The reality is with the current optimizer settings, individual signals (especially uncorrelated ones like random signals) can peturb the resulting optimization with large effects on the portfolio returns (eg a single submission can help us avoid just one short which ends up going up 100% in a month which would have large effects on the optimized portfolio returns).


Hey, thank you for posting about TC. It’s valuable for everyone to scrutinize and improve the system and this is a great check to have. If I may, I’d like to summarize some points made in this thread and add a few points:

  1. You’ve cherry-picked a single round in which a random model performs well. The results of a single round are calculated on compounding performance. Meaning that a random lucky portfolio can look less random than it actually is especially at 0 stake. I could cherry-pick a different round for the opposite argument:

Look how well it performs in 313 across all metrics:

Or look at round 315, the round after the one you show, in which it performs terribly:

  1. Overfitting isn’t necessarily what’s happening. We aren’t using a large, complex model to calculate TC so overfitting does not really make sense.

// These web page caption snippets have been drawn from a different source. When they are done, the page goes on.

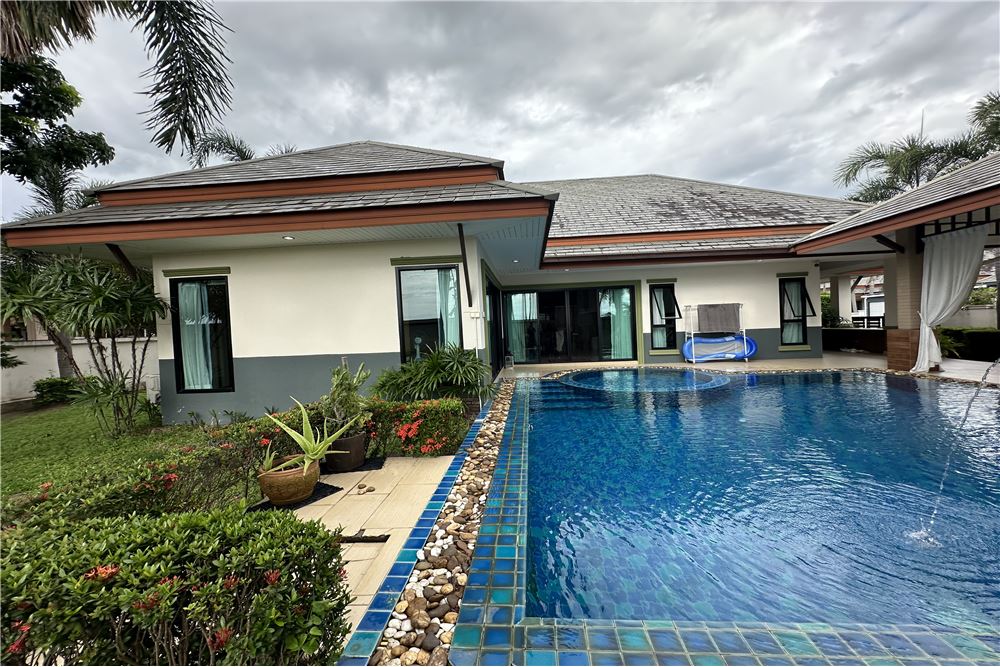 รูป [920471001-1647] Baan Dusit Lake with Private Pool for Rent - รูปที่ 12/14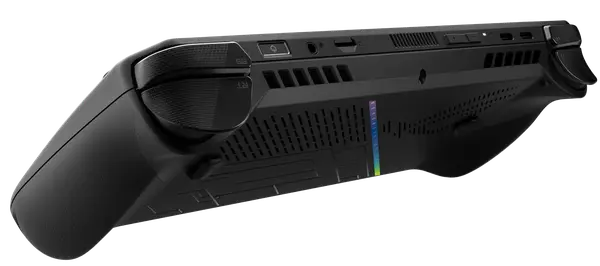 Портативна ігрова приставка ASUS ROG Ally X 2024 1 TB (RC72LA-ALLYX.Z1X)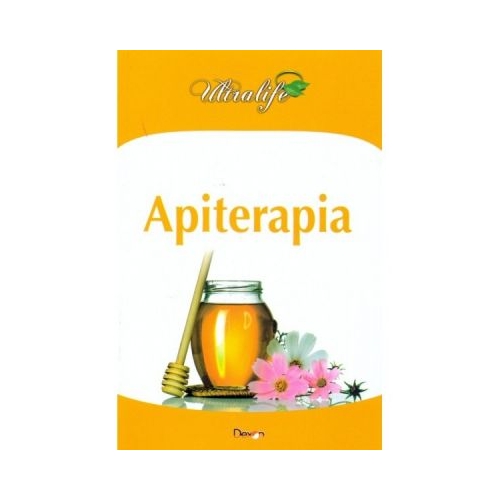 Ultralife- Apiterapia - Cristiana Antonescu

  2. Noise sometimes helps during rounds in which people perform poorly, but sometimes it hurts. Here is the Final TC per round of two random models I backfilled while doing some research. Here, I use integration_test as a proxy for round difficulty. Notice that sometimes the TC scores of random noise have positive correlation and sometimes negative:

Let me know if anything is still unclear or if you feel I left some questions unanswered.